**YOUR ASSIGNMENT:**
Type out the lines below exactly, pictures excluded.

**DATA EXTRACT:**

____________

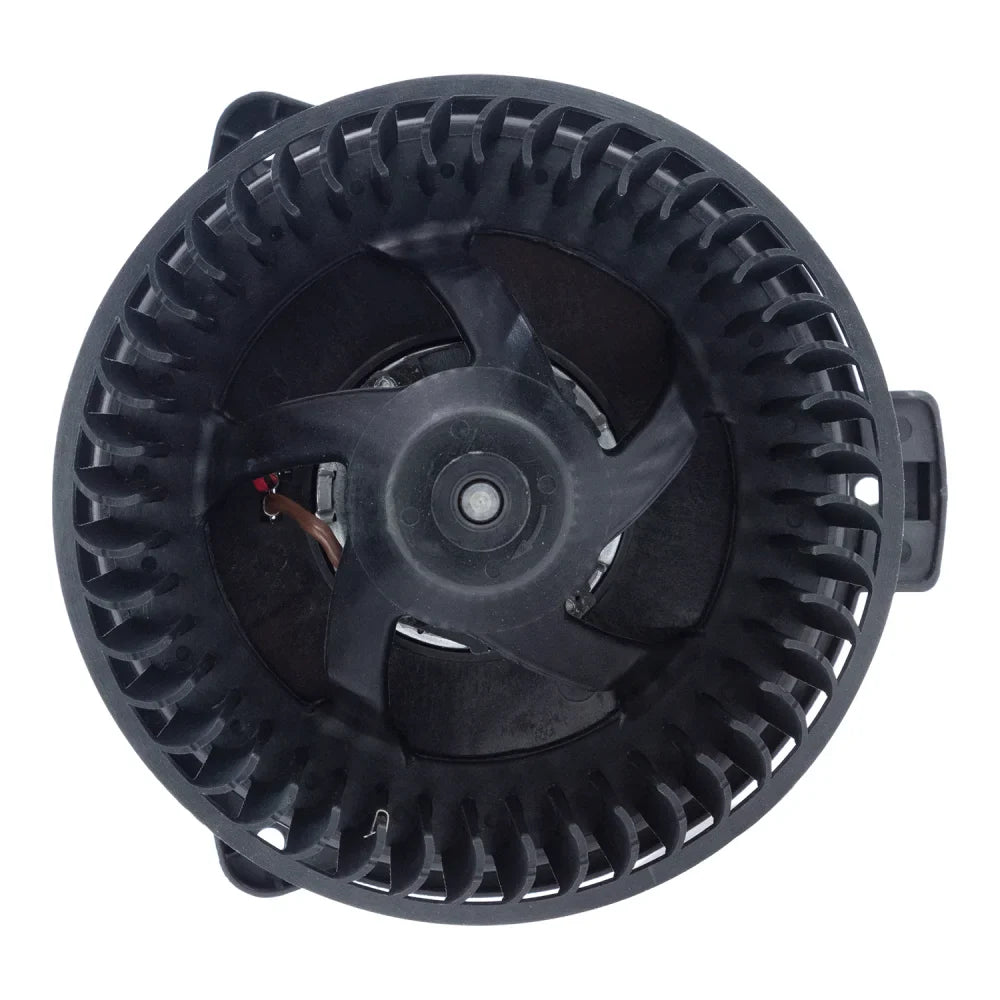 MOTOR VENTILADOR VOLKSWAGEN GOL PARATI SAVEIRO G3/G4 (1999 A 2008)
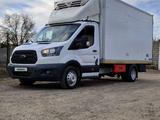 Ford Transit 2017 года за 15 500 000 тг. в Шымкент – фото 5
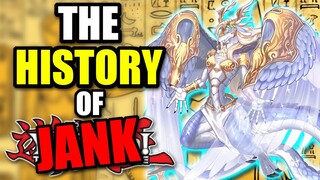 The History of Yu-Gi-Oh! Jank! #86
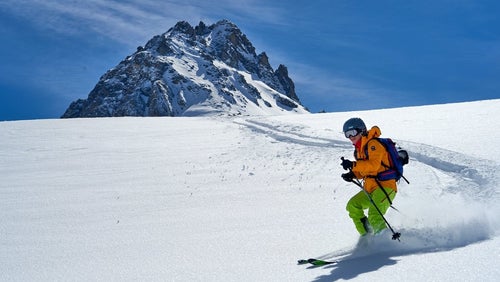 Europa’s Top Instagrammable Ski Resorts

____________

**SOLUTION TO THIS EXERCISE:**
 MOTOR VENTILADOR VOLKSWAGEN GOL PARATI SAVEIRO G3/G4 (1999 A 2008)
 Ford Transit 2017 года за 15 500 000 тг. в Шымкент – фото 5
 The History of Yu-Gi-Oh! Jank! #86
 Europa’s Top Instagrammable Ski Resorts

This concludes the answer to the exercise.